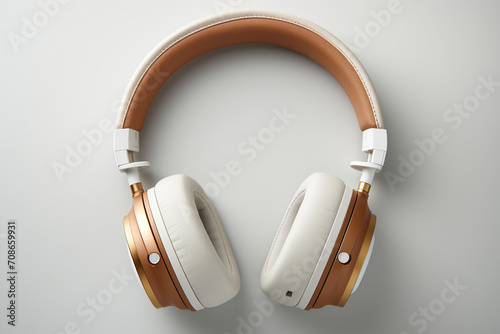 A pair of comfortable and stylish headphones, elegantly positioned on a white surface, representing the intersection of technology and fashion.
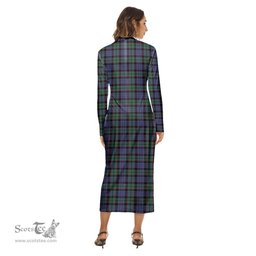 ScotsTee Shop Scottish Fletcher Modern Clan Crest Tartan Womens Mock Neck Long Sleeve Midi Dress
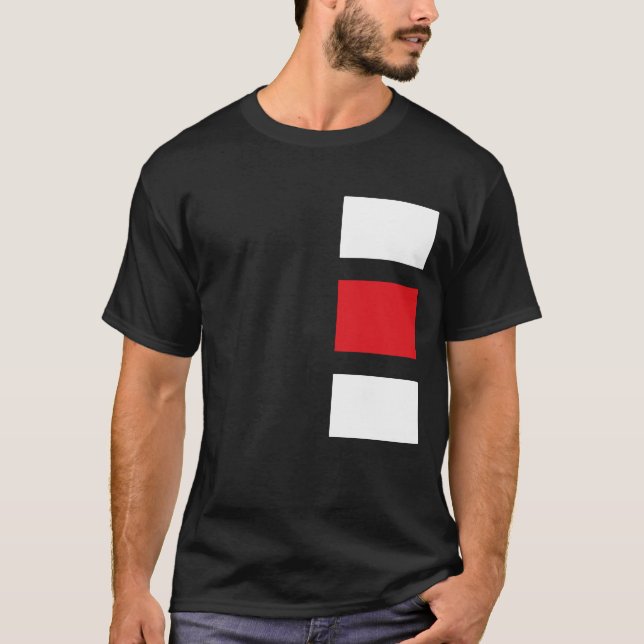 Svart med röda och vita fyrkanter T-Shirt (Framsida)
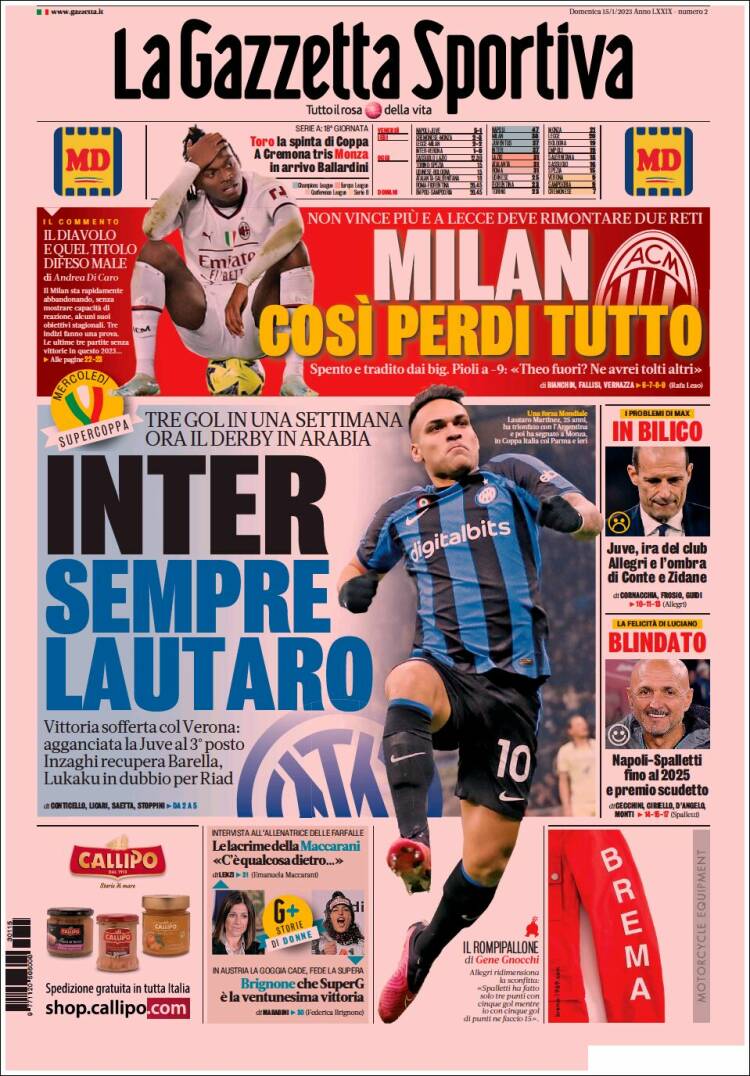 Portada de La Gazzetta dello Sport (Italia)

◆ Work required ◆
The data above must be reproduced exactly, without any of its pictures.

◆ Result ◆
 A pair of comfortable and stylish headphones, elegantly positioned on a white surface, representing the intersection of technology and fashion.
 ScotsTee Shop Scottish Fletcher Modern Clan Crest Tartan Womens Mock Neck Long Sleeve Midi Dress
 Svart med röda och vita fyrkanter T-Shirt (Framsida)
 Portada de La Gazzetta dello Sport (Italia)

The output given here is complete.